No es extraño, por ello, que sean precisamente los ilusos y papanatas que han procurado reducir a Ford a la categoría de caricatura a la cual pueden cargar el muerto de sus propios prejuicios aquellos que se muestran sorprendidos o agradecidos porque –dicen- Ford, en “Siete mujeres”, no parece Ford. Una película que transcurre tras una empalizada en una frontera amenazada por bárbaros, en el último lugar de la tierra. En la que suena “Shall we gather at the river”. En la que se censuran con fiereza la hipocresía, el puritanismo o el ciego apego a un código de conducta tan recto en apariencia como esencialmente inhumano. En la que un héroe que transgrede las normas establecidas acaba mostrando la insensatez y la ficticia armonía del orden vigente en una comunidad cerrada. En la que un sacrificio callado y altruista es a la vez condenación y salvación. En la que una de los protagonistas dice haberse pasado toda la vida en busca de algo que nunca ha podido encontrar.

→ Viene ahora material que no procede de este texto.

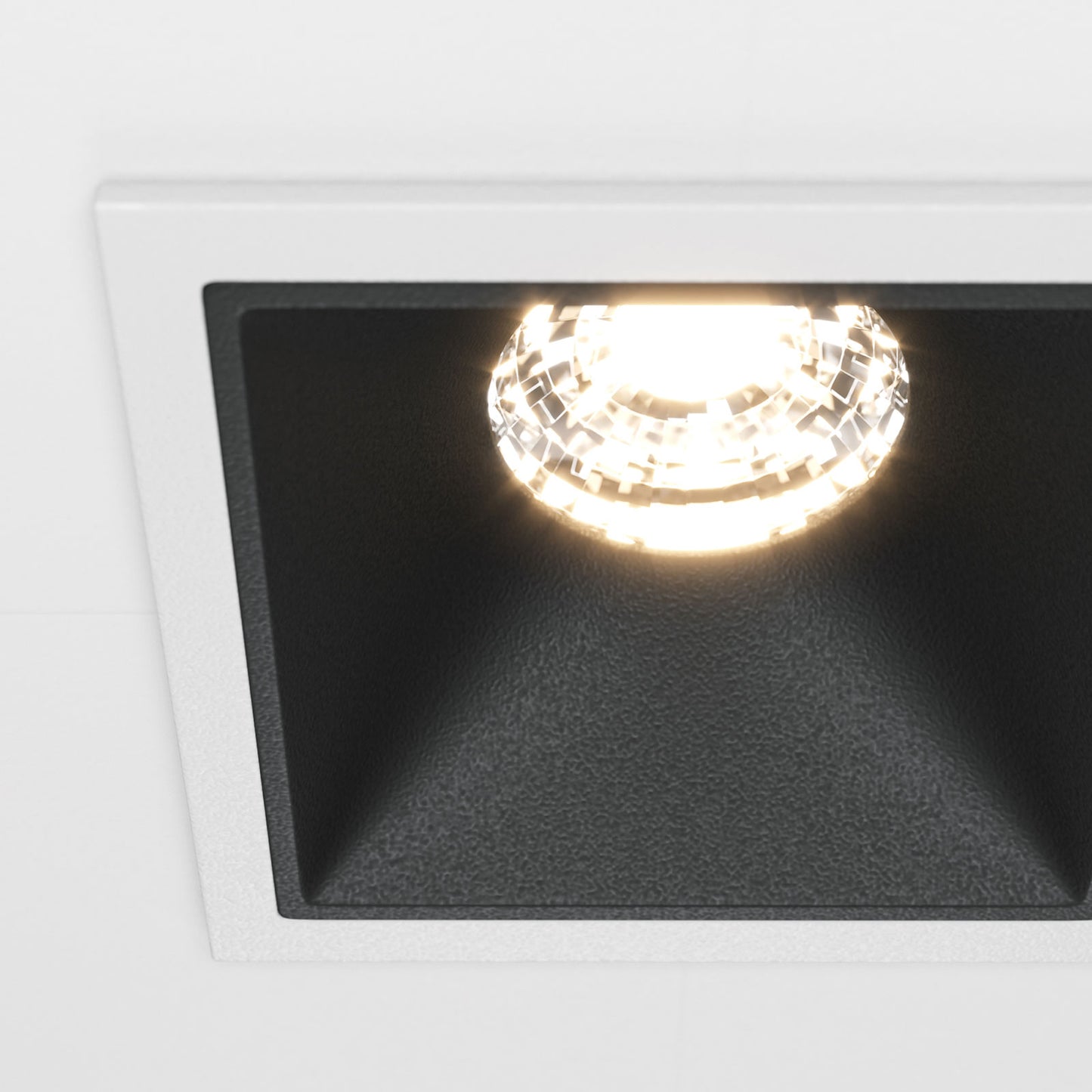 led-lunichka-10w-kvadratna-alfa-led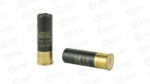 WIN BLIND SIDE 12GA 3" BB
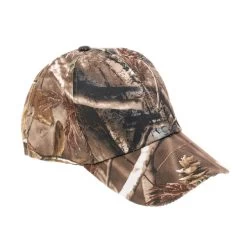 Autumn Brown Camouflaged Baseball Cap -Archery Discount Store htb1xcpqv6tpk1rjszkpq6y3upxak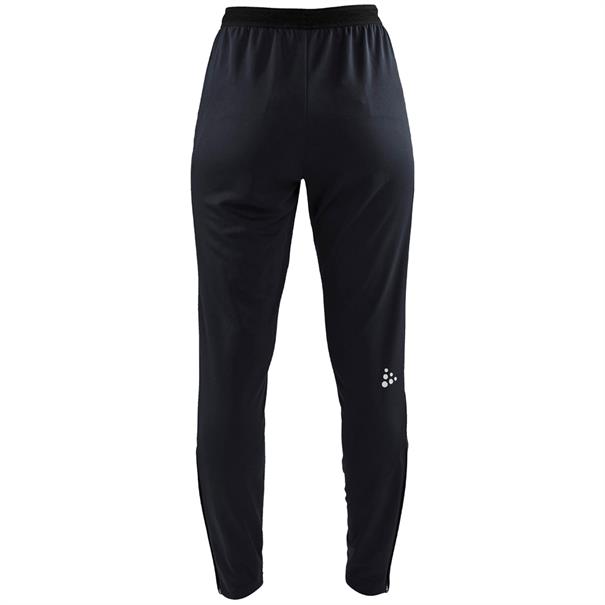 Craft Evolve Pants W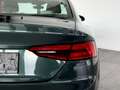 Audi A5 Coupé 2.0TDi S-LINE-GPS-CUIR-JANTES20-PDC Vert - thumbnail 13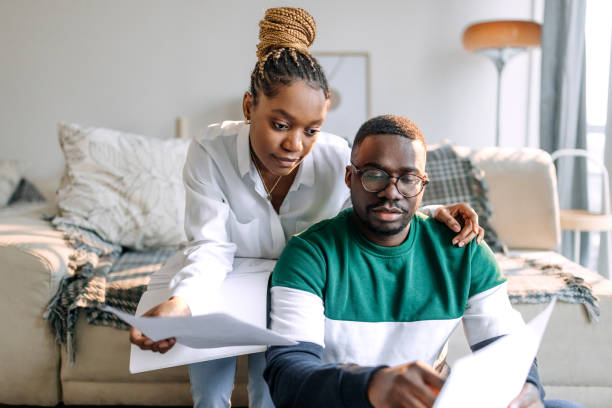 Best Home Equity Loans  in Sunnyvale, CA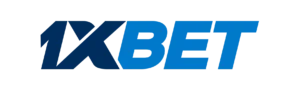 1xBet Casino logo
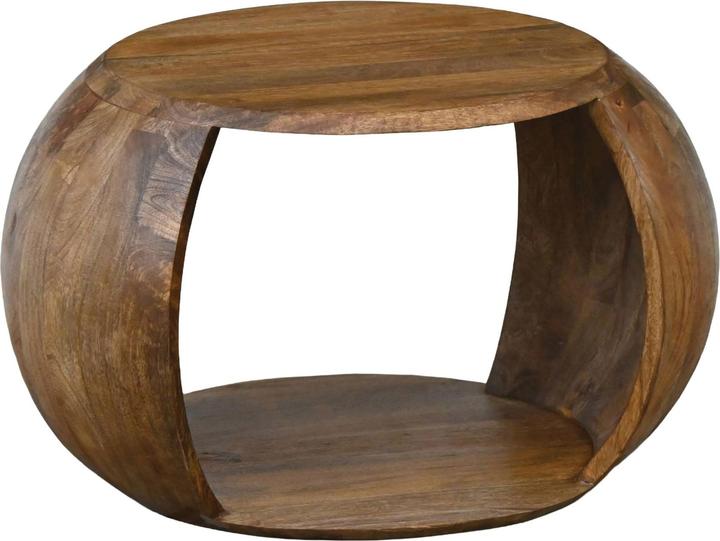 Actual product image Wohnling Mango (46 x 36 cm)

Quienes son incapaces de ver en a Ford en “Siete mujeres” son, en el fondo, víctimas de la más sostenida y elaborada fabulación fordiana, la que le quiere maniatado a una corneta de la caballería, machista, racista, tradicionalista, sensiblero y simplón. Sólo los habituados a identificar a Ford con el puñado de facilones estereotipos que él mismo contribuyó a cimentar pueden sorprenderse porque, en su despedida, Ford dirigiera una película cuyo elenco está casi exclusivamente compuesto por mujeres y en la que los hombres son reducidos a la condición de bestias cobardes y entregadas a la satisfacción de sus más bajos apetitos. O porque en ella se examinen con crudeza los rincones más oscuros y falsarios de la fe religiosa. O porque uno de sus protagonistas, Woody Strode, un negro con sangre india, se convirtiera por aquellos años en uno de los mejores amigos de Ford y fuera uno de los pocos elegidos que pudieron despedirse de él, del racista, misógino y reaccionario Ford, en el lecho de muerte del mejor director de todos los tiempos, tal día como hoy, hace ya cuarenta años.